◆ WORK ITEM
Your task is to transcribe the entries below exactly, from their first line down to the line containing "Leanna'S Lodge, Keshcarrigan", and to stop there.
───── SOURCE MATERIAL
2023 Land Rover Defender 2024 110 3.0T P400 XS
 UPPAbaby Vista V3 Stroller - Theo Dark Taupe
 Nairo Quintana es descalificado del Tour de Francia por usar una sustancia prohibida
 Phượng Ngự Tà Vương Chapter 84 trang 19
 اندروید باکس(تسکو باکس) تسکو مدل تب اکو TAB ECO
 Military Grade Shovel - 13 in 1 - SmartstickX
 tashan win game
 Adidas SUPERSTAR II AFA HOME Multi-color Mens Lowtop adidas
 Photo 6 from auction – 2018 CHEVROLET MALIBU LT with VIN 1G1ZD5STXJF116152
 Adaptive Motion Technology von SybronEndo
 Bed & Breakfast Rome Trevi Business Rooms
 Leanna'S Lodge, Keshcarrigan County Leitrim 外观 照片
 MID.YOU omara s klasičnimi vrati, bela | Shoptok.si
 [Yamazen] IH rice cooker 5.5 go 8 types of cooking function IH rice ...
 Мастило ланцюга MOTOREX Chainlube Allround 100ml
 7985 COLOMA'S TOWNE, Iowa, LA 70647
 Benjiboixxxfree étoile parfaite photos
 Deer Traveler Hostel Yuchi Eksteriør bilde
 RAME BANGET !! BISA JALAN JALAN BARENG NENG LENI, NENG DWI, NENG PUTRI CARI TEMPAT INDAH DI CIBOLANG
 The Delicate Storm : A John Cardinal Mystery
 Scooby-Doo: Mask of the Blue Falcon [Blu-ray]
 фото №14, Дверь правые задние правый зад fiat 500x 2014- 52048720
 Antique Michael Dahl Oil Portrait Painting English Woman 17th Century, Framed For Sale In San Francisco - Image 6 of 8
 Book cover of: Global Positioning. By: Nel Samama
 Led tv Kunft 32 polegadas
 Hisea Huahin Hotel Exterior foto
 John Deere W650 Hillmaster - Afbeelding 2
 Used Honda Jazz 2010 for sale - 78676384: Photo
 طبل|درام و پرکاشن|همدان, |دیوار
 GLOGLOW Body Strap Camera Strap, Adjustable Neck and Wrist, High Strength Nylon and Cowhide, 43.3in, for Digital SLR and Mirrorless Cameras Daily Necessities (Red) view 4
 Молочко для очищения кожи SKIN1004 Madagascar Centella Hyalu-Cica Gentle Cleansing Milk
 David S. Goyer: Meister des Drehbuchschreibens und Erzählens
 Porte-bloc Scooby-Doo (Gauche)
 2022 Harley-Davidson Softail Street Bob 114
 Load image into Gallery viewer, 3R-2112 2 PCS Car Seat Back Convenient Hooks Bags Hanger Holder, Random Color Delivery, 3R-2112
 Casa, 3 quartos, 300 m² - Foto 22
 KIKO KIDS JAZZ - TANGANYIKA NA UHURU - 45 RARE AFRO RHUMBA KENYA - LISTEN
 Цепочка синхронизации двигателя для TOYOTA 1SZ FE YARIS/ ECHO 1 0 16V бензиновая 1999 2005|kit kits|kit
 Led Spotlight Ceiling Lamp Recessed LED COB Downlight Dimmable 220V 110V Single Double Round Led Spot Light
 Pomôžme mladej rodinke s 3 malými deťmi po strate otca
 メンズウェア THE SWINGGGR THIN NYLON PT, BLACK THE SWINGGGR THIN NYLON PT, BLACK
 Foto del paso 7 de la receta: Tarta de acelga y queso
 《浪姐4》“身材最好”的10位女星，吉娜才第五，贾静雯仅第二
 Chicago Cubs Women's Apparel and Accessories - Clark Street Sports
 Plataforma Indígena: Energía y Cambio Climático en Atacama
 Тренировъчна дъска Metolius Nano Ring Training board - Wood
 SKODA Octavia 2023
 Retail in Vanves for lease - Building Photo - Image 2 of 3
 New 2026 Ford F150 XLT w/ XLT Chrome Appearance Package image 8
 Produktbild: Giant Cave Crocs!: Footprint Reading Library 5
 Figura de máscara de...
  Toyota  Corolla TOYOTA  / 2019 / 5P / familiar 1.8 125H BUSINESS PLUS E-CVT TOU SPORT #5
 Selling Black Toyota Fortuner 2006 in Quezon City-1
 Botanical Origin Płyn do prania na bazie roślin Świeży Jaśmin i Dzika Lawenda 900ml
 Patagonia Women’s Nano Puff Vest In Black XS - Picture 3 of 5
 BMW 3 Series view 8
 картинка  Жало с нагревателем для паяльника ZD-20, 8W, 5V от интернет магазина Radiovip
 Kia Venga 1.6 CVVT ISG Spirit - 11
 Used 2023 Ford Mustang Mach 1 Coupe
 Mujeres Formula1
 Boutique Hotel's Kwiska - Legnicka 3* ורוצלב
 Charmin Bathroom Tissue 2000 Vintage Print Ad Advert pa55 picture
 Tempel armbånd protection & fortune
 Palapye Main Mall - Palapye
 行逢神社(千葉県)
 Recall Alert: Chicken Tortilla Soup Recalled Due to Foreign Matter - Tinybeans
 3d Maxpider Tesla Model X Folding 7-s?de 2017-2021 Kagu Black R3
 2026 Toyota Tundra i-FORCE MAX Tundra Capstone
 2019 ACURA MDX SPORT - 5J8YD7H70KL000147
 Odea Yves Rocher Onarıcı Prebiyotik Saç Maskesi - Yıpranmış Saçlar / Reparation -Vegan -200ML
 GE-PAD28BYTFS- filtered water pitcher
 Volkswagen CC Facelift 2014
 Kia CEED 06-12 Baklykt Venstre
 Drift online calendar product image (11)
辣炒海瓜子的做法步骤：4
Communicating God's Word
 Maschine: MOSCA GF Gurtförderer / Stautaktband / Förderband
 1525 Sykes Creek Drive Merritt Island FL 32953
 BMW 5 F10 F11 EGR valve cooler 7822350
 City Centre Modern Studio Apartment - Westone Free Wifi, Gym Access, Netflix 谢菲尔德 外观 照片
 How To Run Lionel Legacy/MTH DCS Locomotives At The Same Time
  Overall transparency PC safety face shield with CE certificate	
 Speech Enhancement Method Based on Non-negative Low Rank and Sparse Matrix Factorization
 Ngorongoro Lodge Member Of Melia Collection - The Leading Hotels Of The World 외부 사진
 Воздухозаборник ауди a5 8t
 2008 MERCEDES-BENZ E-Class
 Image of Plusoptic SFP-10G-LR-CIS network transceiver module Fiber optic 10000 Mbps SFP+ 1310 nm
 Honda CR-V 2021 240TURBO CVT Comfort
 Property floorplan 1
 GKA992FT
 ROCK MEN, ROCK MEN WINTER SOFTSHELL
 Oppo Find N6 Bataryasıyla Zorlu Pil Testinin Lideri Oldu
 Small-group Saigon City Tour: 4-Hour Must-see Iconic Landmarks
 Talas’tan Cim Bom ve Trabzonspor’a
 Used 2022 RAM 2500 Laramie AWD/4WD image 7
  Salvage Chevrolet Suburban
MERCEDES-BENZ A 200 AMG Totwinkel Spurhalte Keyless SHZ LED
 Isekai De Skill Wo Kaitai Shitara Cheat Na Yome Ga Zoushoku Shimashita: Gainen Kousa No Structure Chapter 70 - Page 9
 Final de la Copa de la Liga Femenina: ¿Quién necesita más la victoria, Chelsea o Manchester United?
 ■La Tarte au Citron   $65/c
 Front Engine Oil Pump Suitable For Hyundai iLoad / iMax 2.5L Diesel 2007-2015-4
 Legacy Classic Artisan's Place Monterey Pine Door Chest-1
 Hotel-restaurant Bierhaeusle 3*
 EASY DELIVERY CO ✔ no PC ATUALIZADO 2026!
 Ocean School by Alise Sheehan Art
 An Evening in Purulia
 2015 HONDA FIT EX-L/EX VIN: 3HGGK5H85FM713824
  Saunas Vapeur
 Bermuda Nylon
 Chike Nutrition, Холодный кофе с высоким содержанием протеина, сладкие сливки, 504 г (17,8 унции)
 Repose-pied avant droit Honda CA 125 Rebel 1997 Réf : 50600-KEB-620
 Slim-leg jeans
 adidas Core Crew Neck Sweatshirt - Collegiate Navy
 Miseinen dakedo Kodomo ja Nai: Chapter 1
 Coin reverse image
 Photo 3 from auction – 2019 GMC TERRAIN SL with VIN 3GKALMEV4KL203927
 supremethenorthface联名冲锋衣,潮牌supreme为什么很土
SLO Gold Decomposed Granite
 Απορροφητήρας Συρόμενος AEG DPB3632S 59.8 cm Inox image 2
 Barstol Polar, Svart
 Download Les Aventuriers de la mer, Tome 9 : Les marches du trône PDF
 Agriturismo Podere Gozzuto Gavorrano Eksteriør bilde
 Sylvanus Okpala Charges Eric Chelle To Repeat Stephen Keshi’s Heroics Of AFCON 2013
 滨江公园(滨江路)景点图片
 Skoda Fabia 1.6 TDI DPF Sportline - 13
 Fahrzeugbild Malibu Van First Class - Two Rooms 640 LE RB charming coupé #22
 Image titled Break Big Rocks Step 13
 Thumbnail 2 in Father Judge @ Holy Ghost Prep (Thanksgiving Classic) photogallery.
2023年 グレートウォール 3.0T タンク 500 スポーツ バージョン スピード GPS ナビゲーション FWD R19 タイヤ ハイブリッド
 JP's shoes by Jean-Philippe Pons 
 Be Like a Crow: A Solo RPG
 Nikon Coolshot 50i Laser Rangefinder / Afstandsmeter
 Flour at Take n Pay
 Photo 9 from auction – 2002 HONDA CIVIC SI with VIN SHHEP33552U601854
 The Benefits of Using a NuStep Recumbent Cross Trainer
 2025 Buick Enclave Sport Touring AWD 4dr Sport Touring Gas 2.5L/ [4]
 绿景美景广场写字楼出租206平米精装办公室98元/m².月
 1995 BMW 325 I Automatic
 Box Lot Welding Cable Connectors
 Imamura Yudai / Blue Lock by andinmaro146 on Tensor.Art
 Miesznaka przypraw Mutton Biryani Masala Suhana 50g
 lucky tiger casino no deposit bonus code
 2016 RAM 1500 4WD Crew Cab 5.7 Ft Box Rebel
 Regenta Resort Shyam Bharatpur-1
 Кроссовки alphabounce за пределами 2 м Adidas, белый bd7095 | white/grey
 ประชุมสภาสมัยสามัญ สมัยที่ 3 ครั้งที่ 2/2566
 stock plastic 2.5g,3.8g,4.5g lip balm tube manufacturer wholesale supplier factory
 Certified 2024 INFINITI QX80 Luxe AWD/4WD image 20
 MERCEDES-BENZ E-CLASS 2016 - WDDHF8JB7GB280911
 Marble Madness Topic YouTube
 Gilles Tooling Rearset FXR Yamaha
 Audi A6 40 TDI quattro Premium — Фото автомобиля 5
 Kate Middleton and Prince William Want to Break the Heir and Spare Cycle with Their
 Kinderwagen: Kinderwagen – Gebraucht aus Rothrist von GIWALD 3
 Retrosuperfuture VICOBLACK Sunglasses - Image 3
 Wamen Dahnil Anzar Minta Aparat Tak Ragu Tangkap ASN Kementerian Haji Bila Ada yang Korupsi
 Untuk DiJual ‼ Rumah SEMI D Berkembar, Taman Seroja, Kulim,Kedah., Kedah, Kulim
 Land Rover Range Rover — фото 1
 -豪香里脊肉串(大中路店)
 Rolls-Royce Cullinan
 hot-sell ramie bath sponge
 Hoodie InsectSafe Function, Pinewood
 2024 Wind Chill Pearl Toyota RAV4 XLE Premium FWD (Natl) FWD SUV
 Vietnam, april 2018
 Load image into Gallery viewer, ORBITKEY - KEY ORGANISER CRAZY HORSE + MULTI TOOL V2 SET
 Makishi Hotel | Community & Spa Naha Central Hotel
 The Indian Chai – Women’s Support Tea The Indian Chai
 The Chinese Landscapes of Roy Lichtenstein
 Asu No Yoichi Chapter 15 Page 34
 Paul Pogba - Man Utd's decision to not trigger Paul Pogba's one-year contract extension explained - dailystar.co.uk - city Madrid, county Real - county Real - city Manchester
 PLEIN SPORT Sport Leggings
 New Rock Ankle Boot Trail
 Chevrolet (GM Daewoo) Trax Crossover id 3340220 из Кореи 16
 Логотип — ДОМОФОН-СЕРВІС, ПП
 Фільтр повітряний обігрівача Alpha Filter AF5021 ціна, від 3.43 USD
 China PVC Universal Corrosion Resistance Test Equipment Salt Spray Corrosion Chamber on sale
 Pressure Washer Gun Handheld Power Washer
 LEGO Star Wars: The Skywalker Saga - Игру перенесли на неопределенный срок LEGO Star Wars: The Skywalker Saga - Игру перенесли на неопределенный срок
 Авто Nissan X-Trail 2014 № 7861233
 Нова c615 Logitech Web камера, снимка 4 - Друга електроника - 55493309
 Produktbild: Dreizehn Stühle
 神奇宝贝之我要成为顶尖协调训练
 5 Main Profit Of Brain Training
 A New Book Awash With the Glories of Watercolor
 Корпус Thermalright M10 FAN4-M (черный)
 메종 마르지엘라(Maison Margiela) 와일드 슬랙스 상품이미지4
──────────
◆ SOLUTION
2023 Land Rover Defender 2024 110 3.0T P400 XS
 UPPAbaby Vista V3 Stroller - Theo Dark Taupe
 Nairo Quintana es descalificado del Tour de Francia por usar una sustancia prohibida
 Phượng Ngự Tà Vương Chapter 84 trang 19
 اندروید باکس(تسکو باکس) تسکو مدل تب اکو TAB ECO
 Military Grade Shovel - 13 in 1 - SmartstickX
 tashan win game
 Adidas SUPERSTAR II AFA HOME Multi-color Mens Lowtop adidas
 Photo 6 from auction – 2018 CHEVROLET MALIBU LT with VIN 1G1ZD5STXJF116152
 Adaptive Motion Technology von SybronEndo
 Bed & Breakfast Rome Trevi Business Rooms
 Leanna'S Lodge, Keshcarrigan County Leitrim 外观 照片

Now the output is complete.